January 26, 2021 by A&S News

The April 2020 discovery of the source of repeating high-intensity blasts of radio emissions in the universe, by a team of scientists that included researchers in the Faculty of Arts & Science at U of T, landed a spot on Science magazine’s top ten list of breakthroughs for the year.

A paper published in Nature in November describes data captured by the Canadian Hydrogen Intensity Mapping Experiment (CHIME), a radio telescope located in British Columbia designed to detect fast radio bursts (FRBs). The research findings suggest magnetars — a type of neutron star believed to have an extremely powerful magnetic field — could be the source of certain FRBs.

CHIME telescope
The Canadian Hydrogen Intensity Mapping Experiment (CHIME) is a revolutionary new Canadian radio telescope designed to answer major questions in astrophysics. Photo courtesy of the CHIME Collaboration.

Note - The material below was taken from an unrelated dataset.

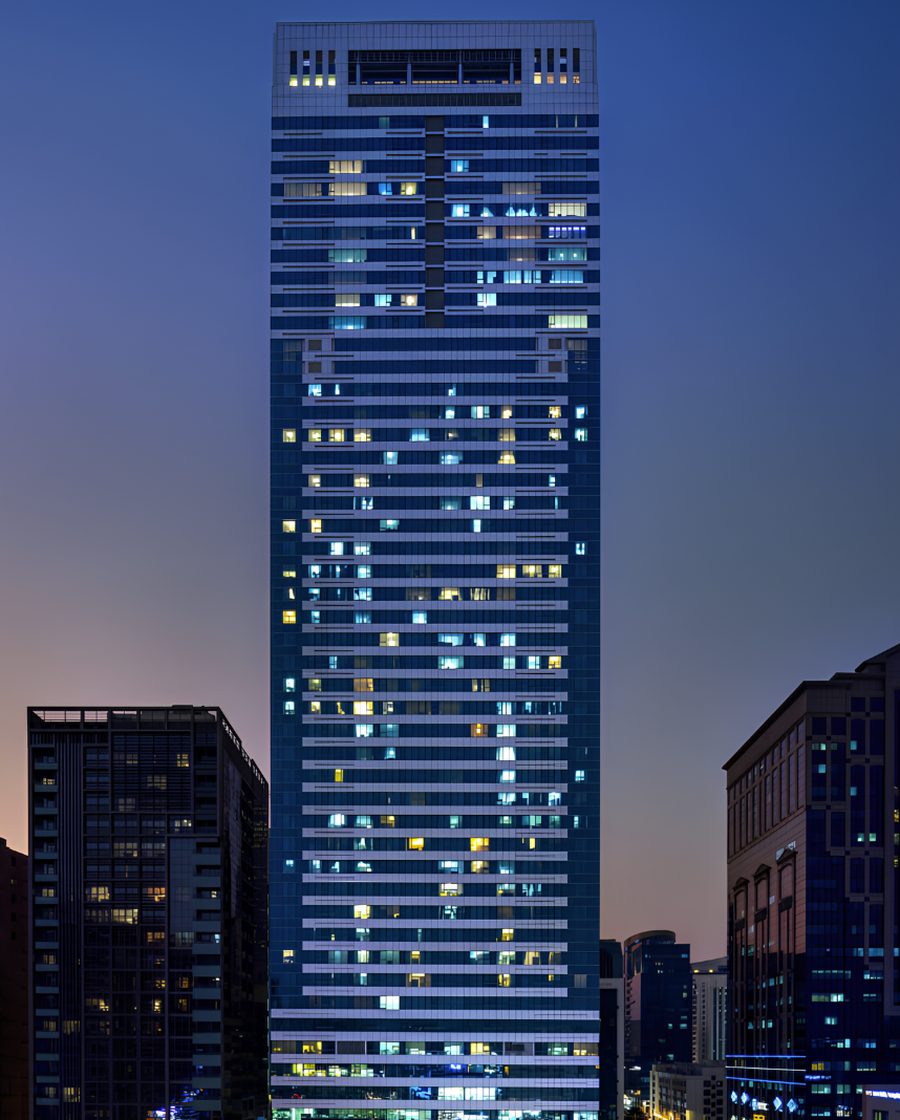 A high-rise office tower in Abu Dhabi lit at dusk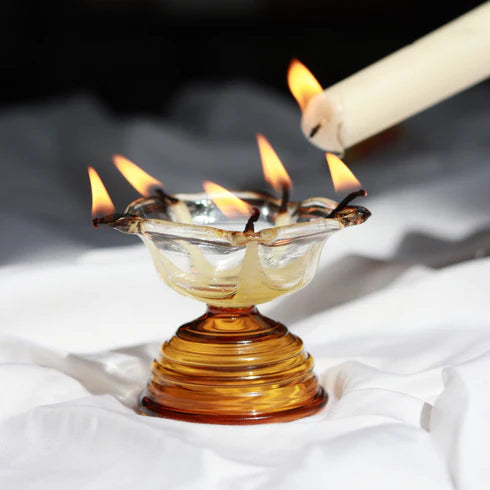 A clear glass diya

“Given the large gaps in energetics and activity between the brightest and most active FRB sources and what is observed for magnetars, perhaps younger, more energetic and active magnetars are needed to explain all FRB observations,” said Paul Scholz, lead author of the Nature study and a Dunlap-NSERC Fellow at the Dunlap Institute for Astronomy & Astrophysics in the Faculty of Arts & Science.

The Dunlap Institute is a member of the CHIME collaboration along with the Department of Physics and the Canadian Institute for Theoretical Astrophysics at U of T, McGill University, the University of British Columbia and the Perimeter Institute among others.

Scholz said in a news release upon the publication of the findings in Nature, that the discovery now provides scientists with a better sense of what to look for in the ongoing search for the sources of the mysterious radio emissions.